We all know you’re a busy man putting out the cones each day and agreeing with every decision Sir Alex Ferguson makes, so I’ll make this brief. Over the past four years you’ve been the assistant manager at Manchester United, following in the footsteps of such luminaries as Carlos Queiroz, Brian Kidd Steve McLaren, Archie Knox and erm….. Walter Smith. It’s not an easy job being second in command to the most successful manager in the history of football but you do it day in day out often with a smile, or at least a look of indifference on your face.
Many may wonder how on earth you actually got the job, after all, no offence but your United career was hardly the stuff of legend. There was the FA Cup final in 1990 of course, where you failed to cut out John Solako’s cross for Ian Wright’s second goal, but you played your part in our win so let’s not criticise too much.
Your finest moment arguably came in the 1991 European Cup Winners Cup final where you played admirably at right ‘wing’ keeping helping to try and contain Txiki Begiristain rather than anything too attacking, but that was the job you were there to do and you did it well. From then on your United career was all but over, reduced to cameos and bit parts as the team finally became all conquering. Considering some of the legends that have played during under Sir Alex at United, leaders such as Robson, Keane, Bruce and Neville it does seem odd to a few Reds that you’re the second most important man at the club but perhaps its your coaching record that got you there.
Stints as assistant to the tactical genius that is Gary Megson at such footballing powerhouses as Norwich City, Blackpool and Stockport County – where both you and Megson left each club under something of a cloud, seem to somehow convince Sir Alex you were the right man for a role at United’s centre of excellence, where you’ve now graduated to his assistant.
Regardless of your somewhat questionable credentials you’re now the assistant manager at Manchester United to a 70 year-old who understandably needs as much as input and help with team matters as he can get. It’s no secret that Carlos Queiroz was an opinionated man, never shy of questioning Sir Alex or even inputting his own ideas into match preparation, tactics and even player signings.
Since Queiroz left in 2008 United have won the league twice and reached the Champions League final twice, while that may seem successful there’s the feeling it could have been even greater had Sir Alex had the Portuguese assistant by his side.

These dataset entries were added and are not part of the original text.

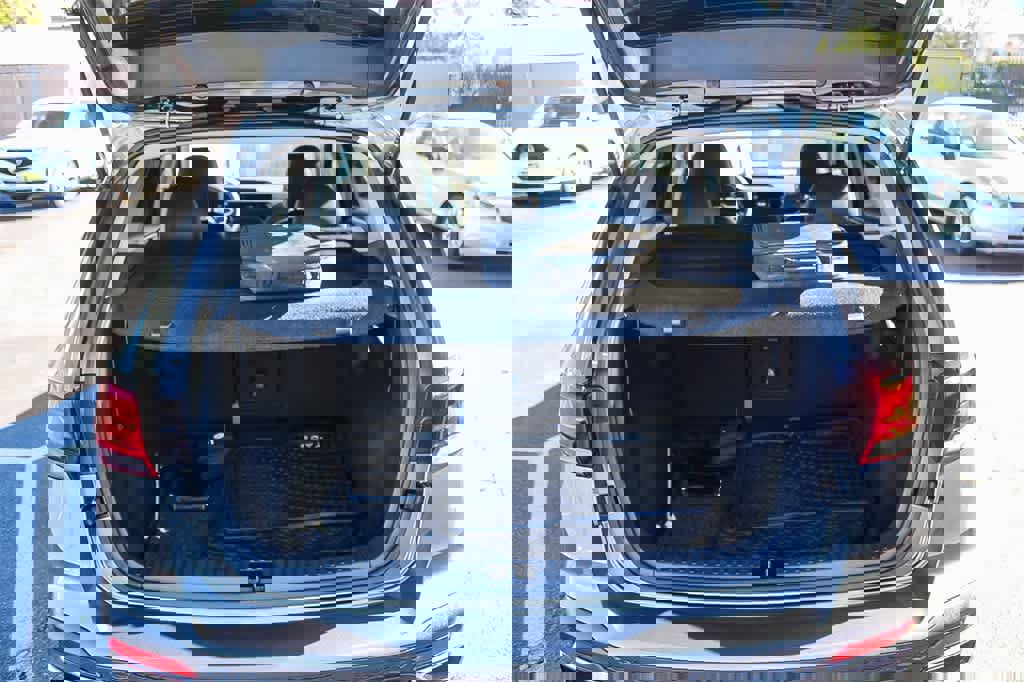 Used 2024 Volkswagen Taos SE image 37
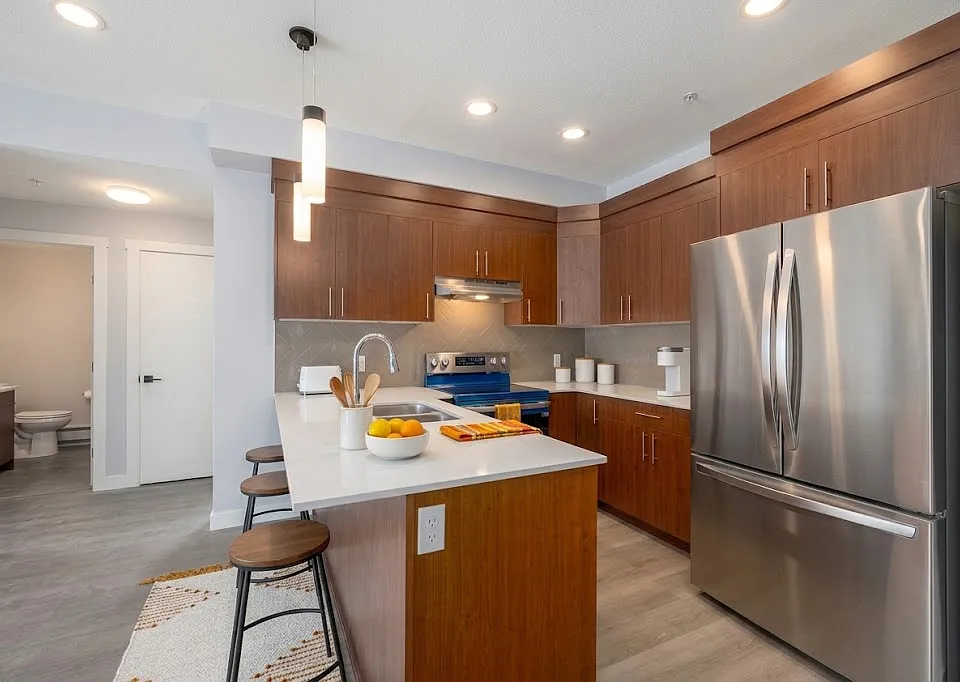 348 Greystone Blvd #U1202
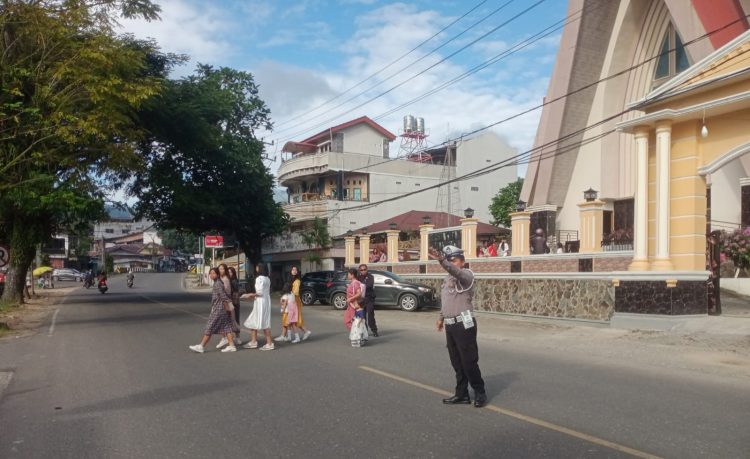 Kapolres Tana Toraja Turunkan Personilnya Amankan Perayaan Kenaikan Yesus Kristus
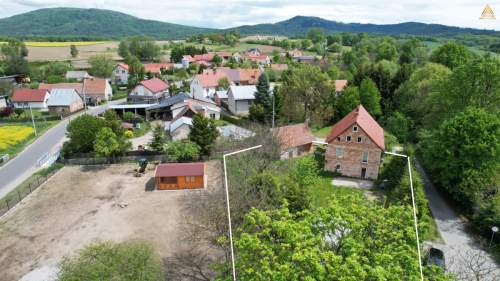 Dom na działce 10ar, góra Ślęża, przystanek, sklep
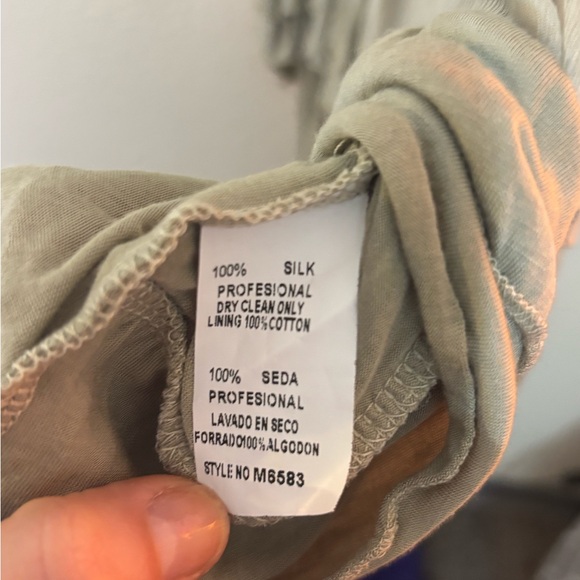 Monoreno Olive Green Midi Dress - Picture 7 of 8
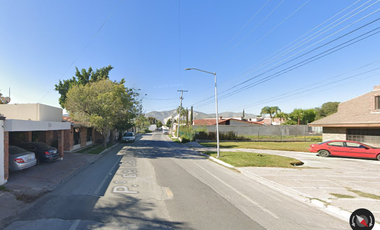 Casa ubicada en colonia Residencial Campestre La Rosita. Torreón, Coahuila. Con 7 recamaras y 577m2. Ubicada entre Blvrd Diagonal de las fuentes y Cal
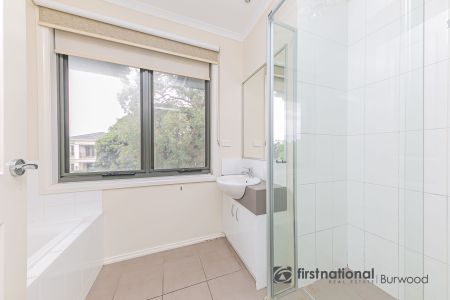 1/5 Folkestone Road, 3150, Glen Waverley Vic - Photo 3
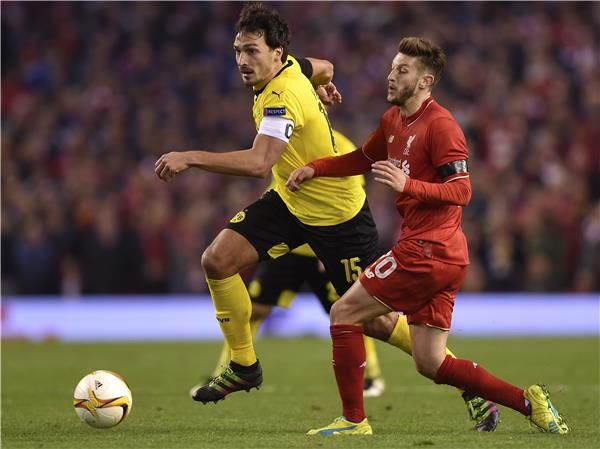 ماتس هومليس في مباراة فريقه أمام ليفربول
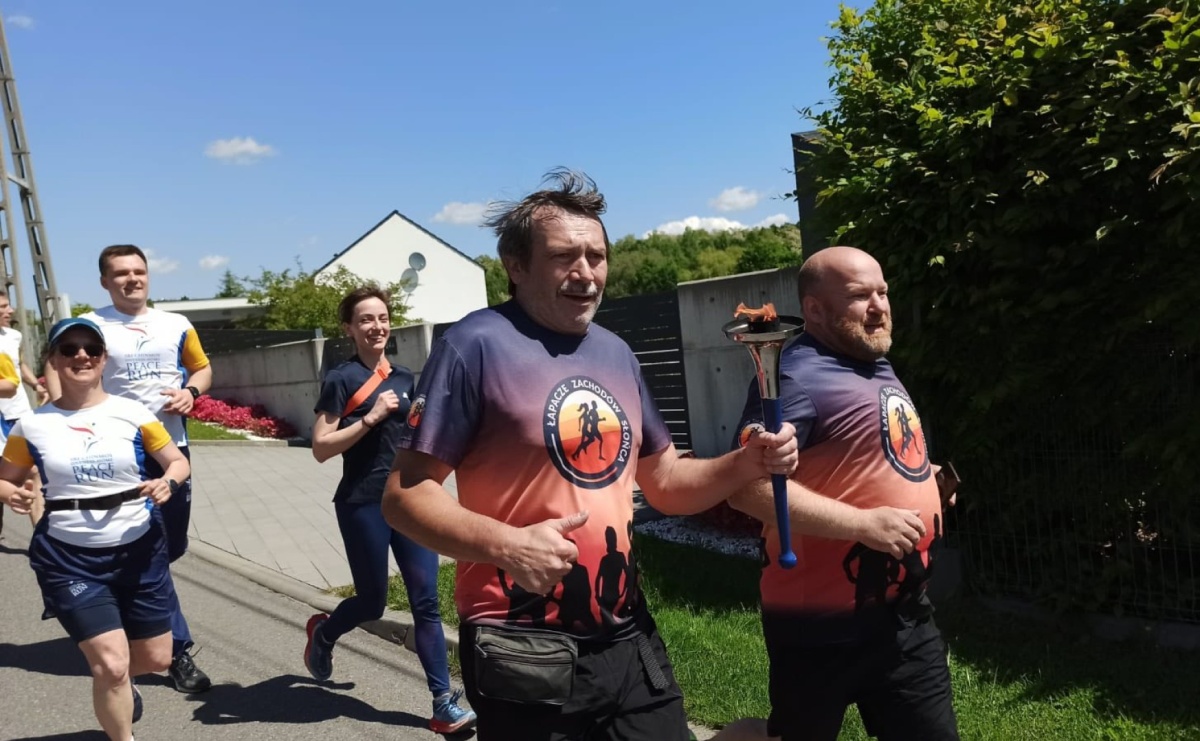 Bieg Pokoju zawitał do Gminy Godów [FOTO] - Serwis informacyjny z Raciborza - naszraciborz.pl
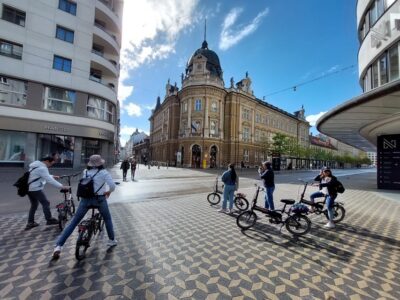 Ljubljana by E-Bike: Guided City Highlights Tour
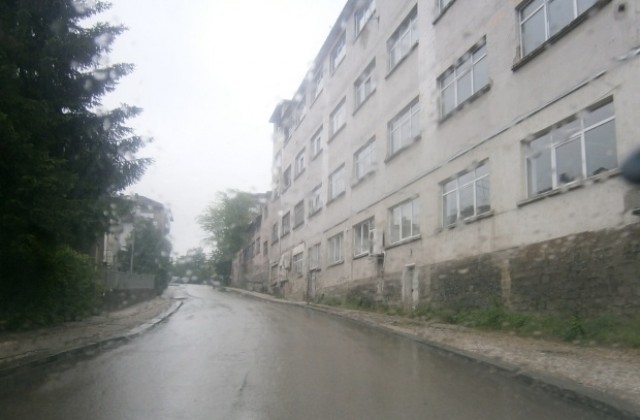 Чака ни дъждовно лято, твърди синоптик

“Why? What have I done wrong?!” I hear you cry. Well allow me to elucidate and forgive me if I delve into conjecture at points, but it’s difficult to fully know the inner machinations of the United dressing room without being there.
For starters there’s what we can physically see each match day, when United are struggling or playing badly- which isn’t as rare as we’d like to pretend, there seems to be very little action from yourself. No note taking, or frantic discussions with the gaffer, no shouting instructions to the players no conferring with the Rene Meulensteen who often seems as oblivious to you as what’s going on.
Then there’s the times when Sir Alex has made questionable decisions, still believing Ryan Giggs and Paul Scholes can cope with tough Premier League midfielders, failing TWICE to stop the threat of Moussa Dembele this season, preferring Anders Lindegaard to David De Gea, playing Danny Welbeck on the left wing. These are choices EVERY Red can see are wrong, yet the manager doesn’t, it’s understandable, he’s seen Giggs and Scholes play a massive part of his success, he’s quick tempered at times and seems to blame DDG for ‘mistakes’ that he deemed avoidable. As for Welbeck, there’s obvious plusses to having him on the pitch in any position, his energy and touch for one, but a winger he ain’t.
My question to you Michael, and indeed my entire point, is where were you? Where were you when Sir Alex started with the wrong midfield at least three times this season, where we’re you when we needed a voice to say “hey boss I think De Gea should be starting” where were you when it came time to suggest we either play Danny upfront or simply not at all?
You were probably sat there agreeing with every decision and I’m sorry but that’s just not good enough. Sir Alex needs a voice to question him at times, someone to make suggestions, perhaps have a different take on things and I fear that man is not you.
If I’m wrong I apologise, but I ask only this, when the boss tells you his team for tomorrow, if David De Gea isn’t in goal, try and grow a set and tell him he’s got it completely wrong and he could cost us dearly.